ABC Company claims that the proportion of its employees investing in individual investment accounts is higher than national proportion of 50%. A survey of 100 employees in ABC Company indicated that 58 of them have invested in an individual investment account. Assume Mimi wants to use a 0.10 significance level to test the claim.

(a) Identify the null hypothesis and the alternative hypothesis.
(b) Determine the test statistic. Show all work; writing the correct test statistic.
(c) Determine the P-value for this test. Show all work; writing the correct P-value.
(d) Is there sufficient evidence to support ABC Company's claim that the proportion of its employees investing in individual investment accounts is higher than 50%?

#### Solution

Given that $n = 100$. The sample proportion is $\hat{p}=\frac{X}{n}=\frac{58}{100}=0.58$.

(a) Hypothesis Testing Problem

The hypothesis testing problem is
$H_0 : p = 0.5$ against $H_1 : p > 0.5$ ($\text{right-tailed}$)

(b) Test Statistic

The test statistic for testing above hypothesis testing problem is

 \begin{aligned} Z & = \frac{\hat{p} - p}{\sqrt{\frac{p(1-p)}{n}}} \end{aligned}
which follows $N(0,1)$ distribution.

The significance level is $\alpha = 0.1$.

As the alternative hypothesis is $\textit{right-tailed}$, the critical value of $Z$ $\text{ is }$ $\text{1.28}$.

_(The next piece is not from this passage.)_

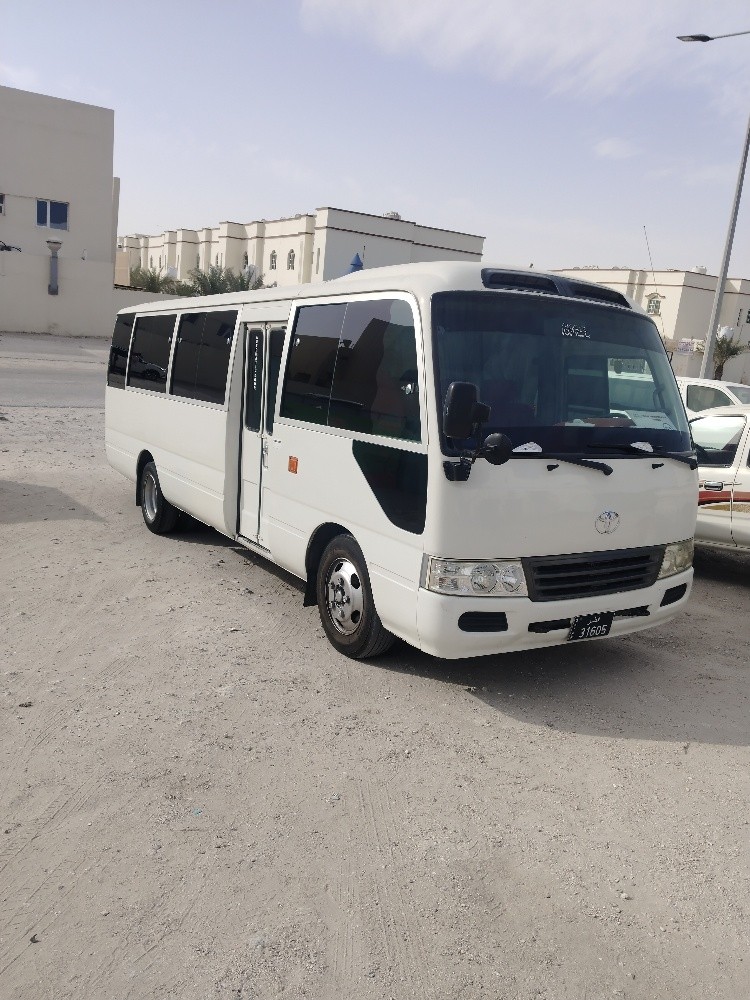 Toyota coustar for rent available - 1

The rejection region (i.e. critical region) for the hypothesis testing problem is $\text{Z > 1.28}$.

The test statistic is
 \begin{aligned} Z & = \frac{\hat{p}-p}{\sqrt{\frac{p(1-p)}{n}}}\\ &= \frac{0.58-0.5}{\sqrt{\frac{0.5* (1-0.5)}{100}}}\\ & =1.6 \end{aligned}

Decision:

The test statistic is $Z =1.6$ which falls $inside$ the critical region, we $\text{reject}$ the null hypothesis.

(c) $p$-value:

This is a $\text{right-tailed}$ test, so the p-value is the area to the right of the test statistic ($Z=1.6$). Thus the $p$-value = $P(Z>1.6) =0.0548$.

The p-value is $0.0548$ which is $\text{less than}$ the significance level of $\alpha = 0.1$, we $\text{reject}$ the null hypothesis.

(d) As the p-value is less than the level of significance, there sufficient evidence to support ABC Company's claim that the proportion of its employees investing in individual investment accounts is higher than 50% at $0.1$ level of significance.